= Records shown =
>>>

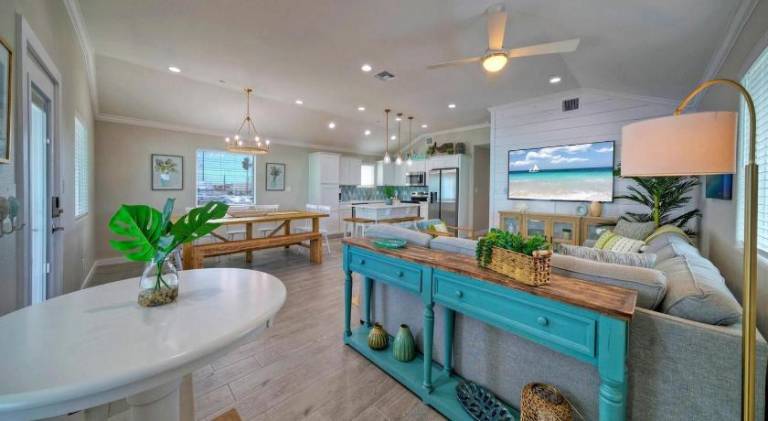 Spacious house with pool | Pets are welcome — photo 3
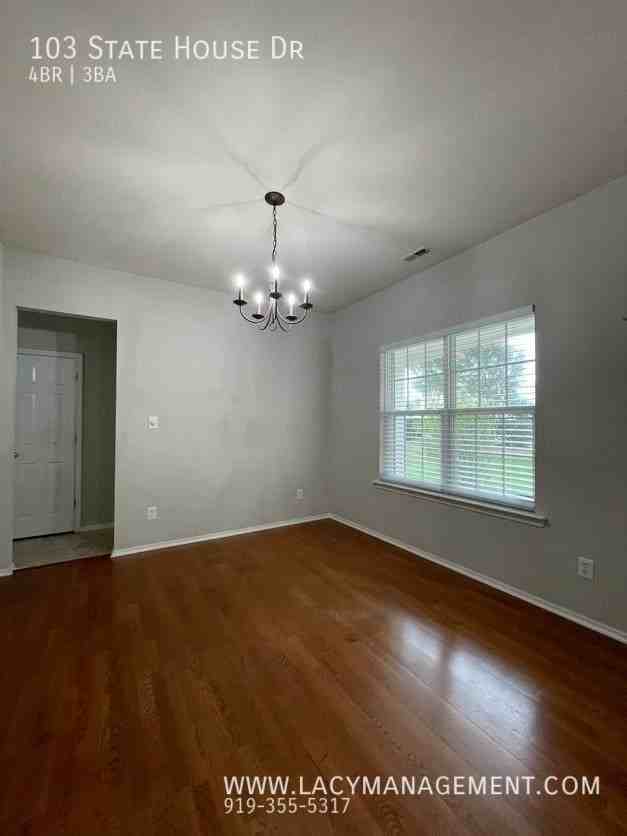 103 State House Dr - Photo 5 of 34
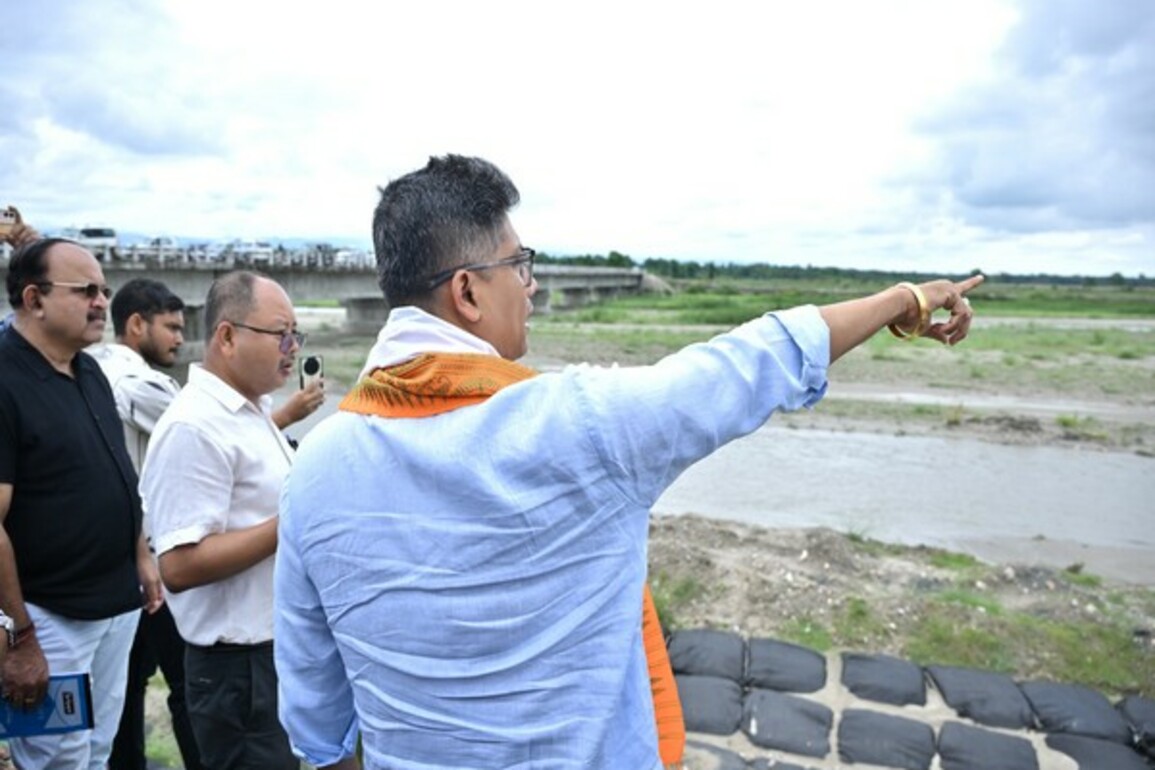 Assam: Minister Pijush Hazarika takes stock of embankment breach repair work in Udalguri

<<<
>>>

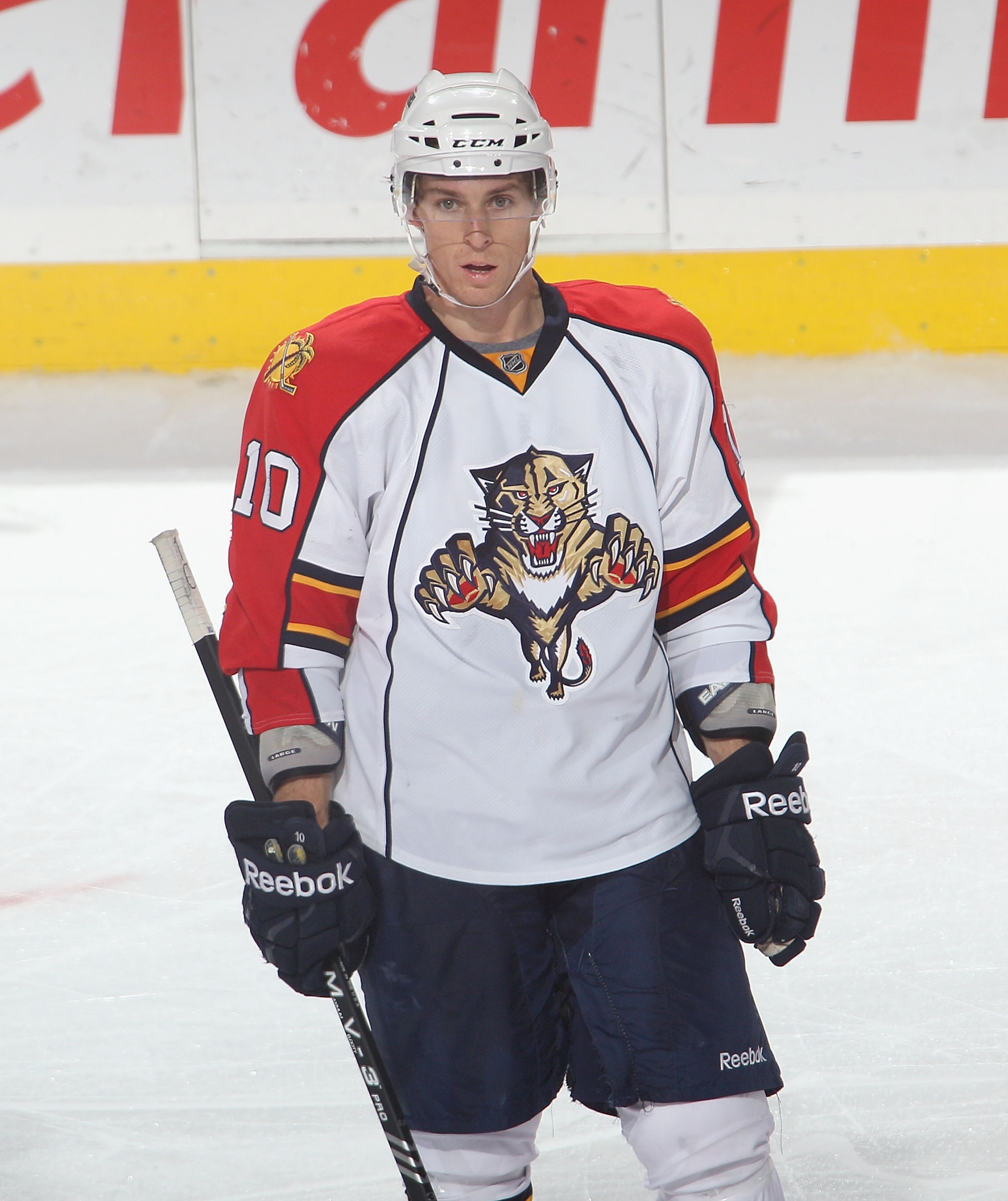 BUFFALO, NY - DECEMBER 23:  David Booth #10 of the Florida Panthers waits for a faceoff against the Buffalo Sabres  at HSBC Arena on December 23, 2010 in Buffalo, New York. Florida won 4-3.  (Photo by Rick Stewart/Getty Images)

<<<

= What you have to do =
In the material above, the stretch from the line with "Spacious house with" through the line with "Assam: Minister Pijush" is to be given again exactly, minus the pictures.

= Response for this exercise =
 Spacious house with pool | Pets are welcome — photo 3
 103 State House Dr - Photo 5 of 34
 Assam: Minister Pijush Hazarika takes stock of embankment breach repair work in Udalguri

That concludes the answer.